(Brüssel) – Die Europäische Union und ihre Mitgliedstaaten haben es im Zuge der wirtschaftlichen und politischen Krise im vergangenen Jahr versäumt, wichtigen Menschenrechtsproblemen entgegenzutreten, so Human Rights Watch im heute veröffentlichten World Report 2013. In dem Bericht dokumentiert Human Rights Watch Menschenrechtsentwicklungen in der EU und hebt Ereignisse in zehn Mitgliedstaaten sowie Entwicklungen in den Bereichen Migration und Asyl, Diskriminierung und Intoleranz und Terrorismusbekämpfung hervor.
Angesichts der Verschlechterung der Menschenrechtslage in Ungarn und anderen Staaten wurden die EU-Institutionen und die Mitgliedstaaten ihren Verpflichtungen zur Durchsetzung der EU-Grundrechtecharta überwiegend nicht gerecht, insbesondere wenn es sich bei den Betroffenen um ausgegrenzte oder unbeliebte Randgruppen wie Roma, Zuwanderer und Asylsuchende handelte. Deutlicher fielen die Reaktionen der europäischen und nationalen Gerichte und des Europarats aus. Das Europäische Parlament veröffentlichte im Dezember einen Bericht über die Lage der Grundrechte in der EU, in dem die EU aufgefordert wird, wirksamer gegen Menschenrechtsverletzungen innerhalb der EU-Grenzen vorzugehen, etwa durch den verstärkten Einsatz von Vertragsverletzungsverfahren durch die EU-Kommission.
„Es fällt auf, wie viele der positiven Entwicklungen des vergangenen Jahres von Gerichtsurteilen ausgingen und nicht von den politischen Entscheidungsträgern“, so Benjamin Ward, stellvertretender Direktor der Europa- und Zentralasien-Abteilung von Human Rights Watch. „Wenn Europa außenpolitisch eine Führungsrolle beim Schutz der Menschenrechte einnehmen will, sollen die europäischen Regierungen zuallererst im eigenen Land handeln, um die Menschenrechte zu schützen.“
In dem 665-seitigen Bericht untersucht Human Rights Watch die Menschenrechtsentwicklungen des vergangenen Jahres in mehr als 90 Ländern weltweit. Zudem werden die Auswirkungen des Arabischen Frühlings analysiert. Entscheidend für die Frage, ob der Arabische Frühling echte Demokratien hervorbringen oder dem Autoritarismus lediglich ein neues Gewand geben wird, ist die Bereitschaft der neuen Regierungen, die Menschenrechte zu achten, so Human Rights Watch.
Für Syrer, die vor der Gewalt in ihrem Land flohen, glich die Suche nach Schutz in Europa einem Lotteriespiel.
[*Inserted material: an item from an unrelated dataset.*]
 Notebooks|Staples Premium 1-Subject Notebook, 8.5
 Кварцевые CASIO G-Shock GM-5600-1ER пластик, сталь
So gewährte Deutschland syrischen Flüchtlingen befristeten Schutz, während Griechenland sie abschieben ließ. Trotz gewisser Fortschritte bei der Umsetzung und Verbesserung des gemeinsamen europäischen Asylverfahrens waren Asylsuchende, darunter auch unbegleitete Kinder, mit mangelhaften Aufnahmebedingungen sowie – in einigen EU-Staaten, insbesondere in Griechenland – routinemäßiger Inhaftierung und Sammelabschiebungen konfrontiert.
Im Namen der Terrorismusbekämpfung ließen einige Staaten, etwa Großbritannien, bisweilen die Menschenrechte außer acht. Länder, die in Folter im Ausland oder Menschenrechtsverletzungen durch die CIA verwickelt waren, darunter Großbritannien, Rumänien, Polen und Litauen, zeigten sich auch im vergangenen Jahr nicht bereit, die Verantwortlichen zur Rechenschaft zu ziehen.
Intoleranz ist ein ernstzunehmendes Problem in Europa. So warnten Experten des Europarats im Mai vor einer Zunahme fremdenfeindlicher Gewalt im Zuge von Wirtschaftskrise und Sparmaßnahmen. Während in Griechenland im Juni eine rechtsradikale Partei ins Parlament einzog, waren extremistische Parteien in anderen EU-Staaten weniger erfolgreich. In Griechenland, Italien, Ungarn und anderen Ländern reagierten Polizei und Justiz oft nicht entschieden genug auf Gewalt gegen Migranten und Minderheiten. So dauerte die Diskriminierung der Roma, der größten Minderheit in Europa, in allen Teilen der EU an.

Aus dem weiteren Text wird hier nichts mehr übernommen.